Judges embraced the concept, but not without qualification. Some wondered whether knowing the place of origin for a class of wine might prejudice judges to instinctively look more favorably on varietals from regions with reputations for doing especially well by them (such as pinot noir and Russian River Valley) and less favorably on varietals from shakier terrain (chardonnay out of the Sierra foothills). Ultimately, a detailed analysis of the Dallas results may indicate whether that happened, but even then I suspect any differences will be slight and insignificant, given that seasoned judges are programmed to continually calibrate their perspective. Nevertheless, all we have to go on right now is speculation and anecdote.

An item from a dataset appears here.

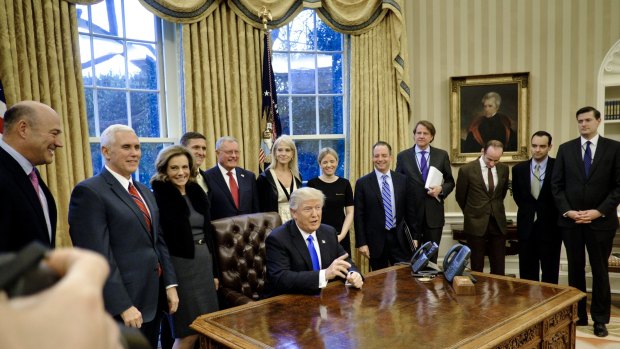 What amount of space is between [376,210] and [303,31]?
9.09 ft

Napa Valley means cabernet sauvignon, and we had plenty of them. Of the 210 wines we tasted, 90 were cabernet sauvignon. We gave gold medals to 14 of them, or 16 percent, which is somewhat high by customary wine-competition standards, though some Napa Valley partisans are likely to think that's shockingly low. Other members of the panel may disagree, but I think we went into the cabernet-sauvignon class thinking it would be more favorably impressive overall. Our gold-medal cabernets - as well as several silver-medal winners - generally were praised for the generosity of their fruit, their deft integration of oak, their firm spines, and their roundness and accessibility. Almost all the golds were by split votes; those on which the panel agreed most quickly and unanimously tended to share bright cherry flavors, a persistent finish and were more lithe than heavy. At the other extreme, 44 cabernet sauvignons got no medal at all. If I were a Napa Valley winemaker, this is the figure that would concern me most. Why such a disappointing showing by nearly half the field? Few of the wines were clearly flawed, but those that got spurned almost without exception were off balance - tannins were too showy, oak was too dominant, the heat of alcohol too searing. Where notes of eucalyptus and mint might appear, we found instead stalkiness.
The cabernets were mostly from the 2008 and 2009 vintages, 34 of the former, 27 of the latter. Six gold medals went to each, which suggests, in an entirely superficial way, that 2009 is the superior of the two years, though I hesitate to make that flat-out assessment, given the power and grace of so many Napa Valley cabernet sauvignons I previously tasted from 2008. To me, the biggest surprise of the class was that one gold medal went to a wine from 2010. This is really early for a Napa Valley cabernet sauvignon from that harvest to be entered in a competition. (When competition results are released publicly I will do a follow-up posting to identify award-winning players.)
|Bill Pfeiffer tracks another panel's ratings|
Aside from a "textbook" pinot grigio, a couple of vibrant sauvignon blancs, and a surprisingly strong class of chardonnay (22 entries, five gold medals, five silvers), the rest of the Napa Valley field was pretty much a letdown. Only four pinot noirs and two syrahs were entered, and none won a gold medal. Merlot was the most disappointing class. We tasted 24 and gave just one gold medal; 16 got nothing at all. All the metal the eight zinfandels could muster was two bronzes.
Bottom line: If I actually were to visit Napa Valley on a shopping expedition in the near future, I'd concentrate on Bordeaux-inspired blends and cabernet sauvignon, and leave the pinot noir and zinfandel for other regions.